Marshall felt it was perfect to get the record-setting points at McCamish.

“I wanted to get the school record at home in front of all our fans that have been here for my four years,” she said. “To get the win for my team was just unbelievable.”

Marshall went one better the next game, on Sunday at Miami, when she scored a team-high 24 points and led the team in rebounds (9), assists (3) and steals (7), sparking the Yellow Jackets, who crawled out of a nine-point hole inside of 7:00. She not only scored four straight points to pull Tech from down one to up three, but scored Tech’s final six points and made a steal to seal the 89-87 win, Tech’s third straight.

That one-woman show was enough to earn her national recognition, courtesy of ESPN, which named her its espnW Player of the Week.

“It just means a lot to be recognized,” she said. “I play for my team and to win games and to be recognized for the hard work that I’ve put in means a lot.”

Joseph welcomed Marshall’s time in the national spotlight and hopes her time there isn’t done.

“We’ve never had a player named National Player of the Week,” she said. “I think Ty Marshall deserves to be named an All-American at the end of the season. We all know that to make that happen we have to win games and get this program into the NCAA Tournament, give her a chance to compete on a national level. That award goes a long way, putting her out front nationally.”

Georgia Tech also has never had a player score 2,000 points — it’s something accomplished by only 22 women in ACC history — Ty is right there.

“Getting 2,000 points hasn’t been done a lot in ACC history,” said Marshall, who is averaging 23.0 ppg in ACC play — 2.5 more than anyone else. “So it means a lot.”

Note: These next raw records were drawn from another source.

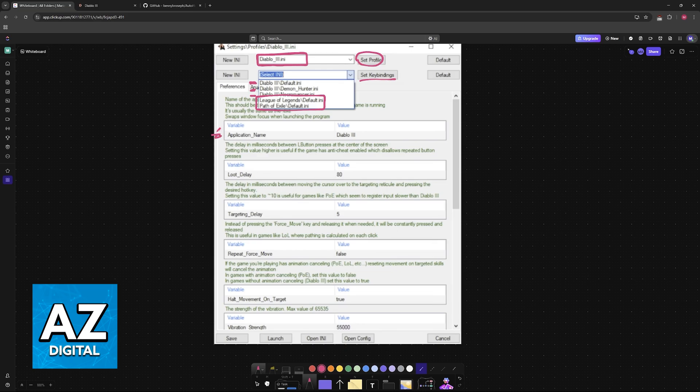You can manually change a lot of settings here, but leaving them on default should be enough. Make sure that you launch the game, and you will be good to go to use your controller, as long as this application is running in the background.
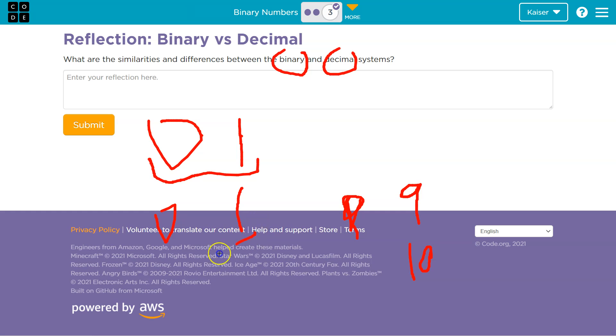Decimal systems are base 10, right? 0 to 9. There's 10 different symbols we can use. All right, so that would be something you would want to think about.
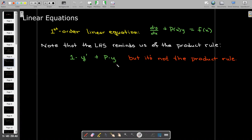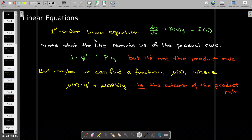If we look at the left-hand side of this equation, it reminds us of the product rule — it's something times y-prime plus something else times y. But it's not the product rule as it's written; we would need a condition that can't be met here. The idea is to look for a function μ(x), where if we multiply the entire equation and both terms on the left-hand side by this new function, we'd like that to be the outcome of the product rule.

With five regular season games left before the ACC Tournament and, ideally, an NCAA Tournament berth, Marshall is out to put a final exclamation point on her career.

Then she can reflect on her records, having passed on the leadership torch to — and raising the bar quite high for — freshman Kaela Davis, Marshall’s protégé, who she also sees as the biggest threat to her record.

“I’m sure Kaela is after me,” she said. “So I’m trying to make it hard for her.

“I haven’t said it to her,” she added. “But when the season is over I’m sure it will be a joke we’ll laugh about it.”